Nope. I've had safe deposit boxes in a number of institutions and they all required use of two keys to access - one held by the customer (me) and the other by the bank. I go in, sign a card/fill out a form that records who accessed it when (one bank always checked my photo ID, others took my word that I was who I claimed to be), sometimes had the signature compared to the one on file, put my key in one lock and they put their key in the other. Even though in theory the paperwork specified who had access to the box, the fine print covered their butts with wording to the effect that "anyone possessing the key is assumed to be authorized to access the box contents", and the ID/signature-check just to make sure it's not someone pretending to be *me*.

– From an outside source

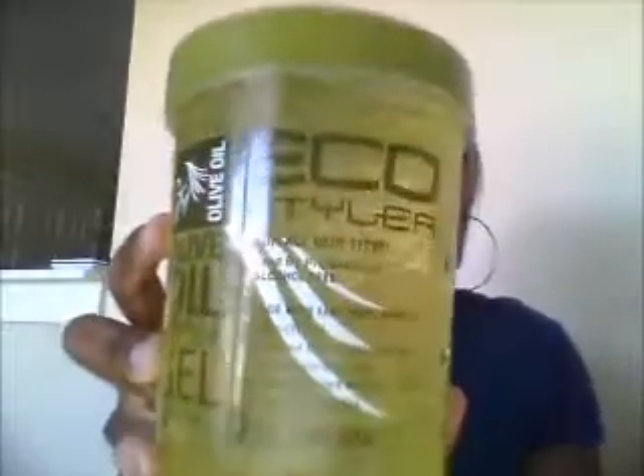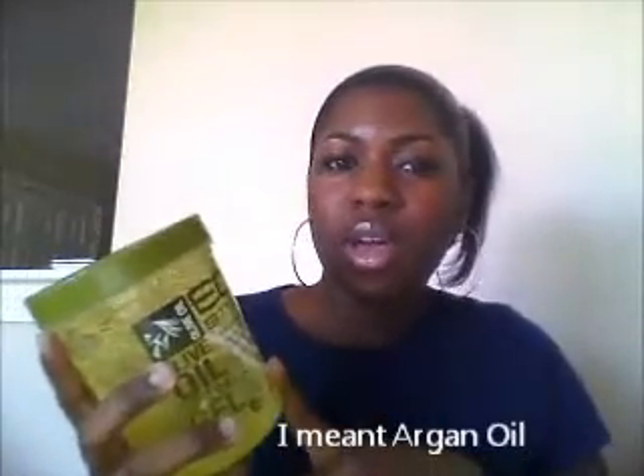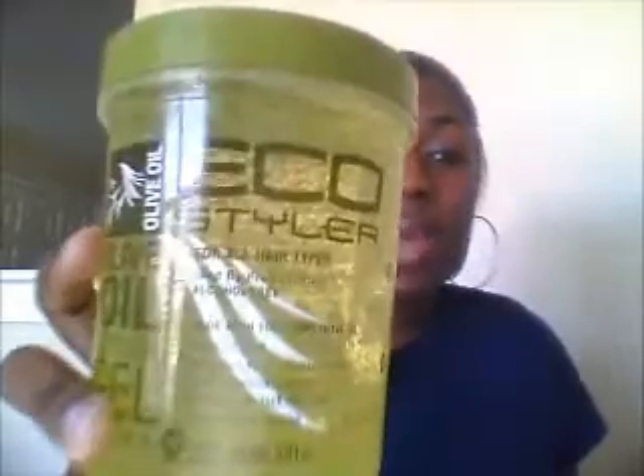Hello everyone. I'm going to be doing a very quick review on this Eco Styler Gel. It's the olive oil and they have about three or four different kinds. I know they have a regular, they have a Moroccan oil, they have olive oil and I think there's another kind but I can't remember the other one.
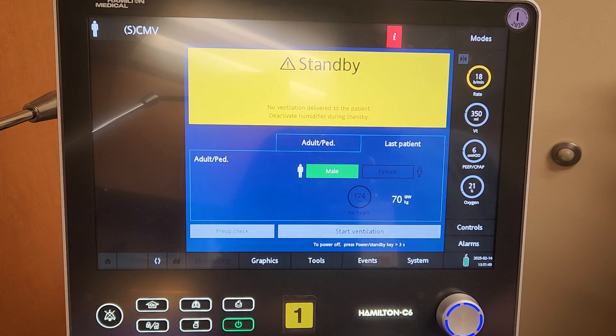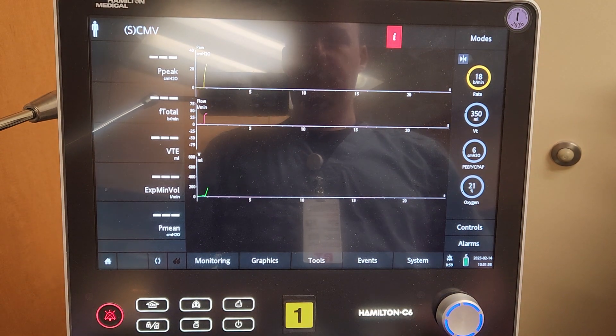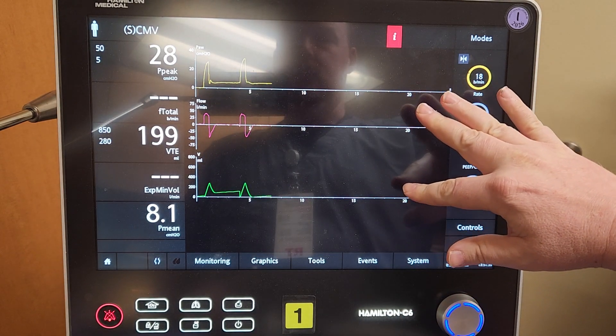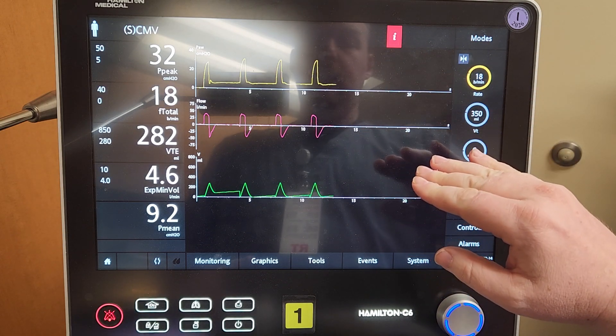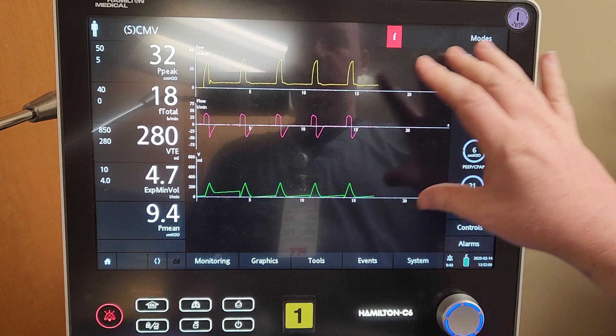Let's get started with some button tidbits. I'm going to start ventilation. The most important thing is noticing that we do have waveforms here — the pressure, the flow, and the volume ones. These will identify if the patient is ventilating and how well they are doing.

The signup and disclosure forms made a huge deal out of making sure I knew I had to bring my key every time, they couldn't do it with just their key, and "don't lose your key, we can't open the box. You have to fill out paperwork and pay us in advance a fee to cover both drilling the lock and then replacing it and issuing new keys because that's going to destroy it".
Now what would be interesting is how the bank handles this without the backup paperwork ... who/what has the backup copy of the records of who's got what box number, the cards with accountholder info and alternate accesses and access history and so on. My previous bank went from small-local to itty-bitty-branch-of-huge-one to bankrupt-huge-one-gets-bought-by-even-bigger-one, yet the original account open cards, signatures, info, etc, were always in the same beat-up old box in an office that wasn't inside the vault. If this branch had been in Joplin, those records would be in a field a few dozen miles away.
Things are quite different with safe deposit boxes vs stuff left at a hotel office, for example.
Anyhow, sorry to digress so much. Business continuity after disaster is sort of an interest of mine.